According to Byrn 1995, the regulatory guidelines “suggest the importance

of controlling the crystal form of the drug substance.” (Ex. 1004 at 945). As noted

above, Patent Owner has alleged, during prosecution before the EPO of EP ‘529,

that the closest prior art, as set forth in the WO ‘030 foreign equivalent to the ‘775

patent, is amorphous darunavir. (Ex. 1020 at 5). As Dr. Threlfall confirms,

crystalline materials are generally desired in the pharmaceutical industry because

of their ease of handling, compatibility with excipients, and long term chemical

and physical stability amongst other factors. (Ex. 1025 ¶ 198). In other words, not

only would regulatory guidelines have motivated the person of ordinary skill in the

art to assess the crystallinity of darunavir, but accepting that the closest prior art

was amorphous, the general desire for crystalline materials over amorphous

independently would have done so.

Byrn 1995 discloses routine procedures for assessing crystallinity.

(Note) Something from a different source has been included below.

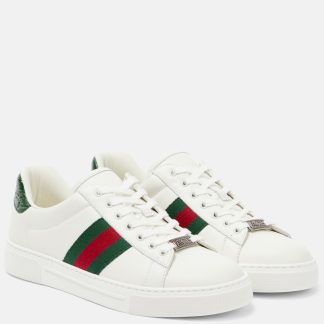 falscher Luxus Gucci Ace Leder Turnschuhe mehrfarbig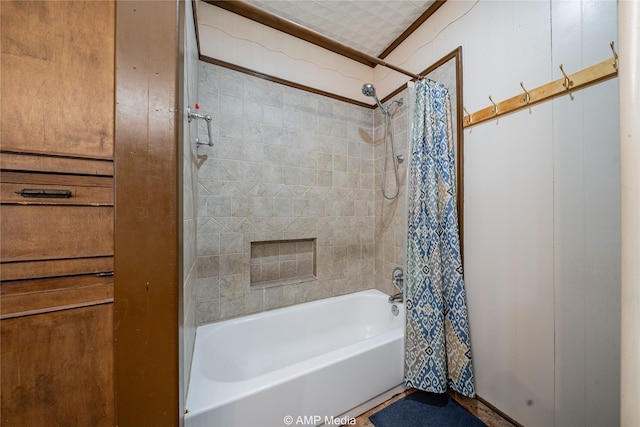 bathroom featuring shower / bath combination with curtain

Specifically, Byrn 1995 provides a sequence of decision trees and flowcharts to be

followed in order to investigate the existence of crystalline forms of a drug, as

instructed by FDA Guidelines. (Ex. 1004 at 945-46). According to Byrn 1995, the

first step in complying with FDA’s directive is to crystallize the substance from a

very limited selection of solvents. (Id. at 946). Byrn 1995 further notes that one of


47

the solvents that should be used in these crystallization screens is water as well as

ethanol. (Id.). As confirmed by Dr. Threlfall, such a crystallization screening is

routine, would just take a few days to complete, and could be purchased in the

relevant time frame from a number of different companies. (Ex. 1025 ¶¶ 203, 206-

08). In fact, as confirmed in the prior litigation regarding the related ‘645 patent,

Patent Owner admitted that it used a third-party company to conduct such a screen

utilizing water as one of the solvents to confirm the existence of solid-state forms.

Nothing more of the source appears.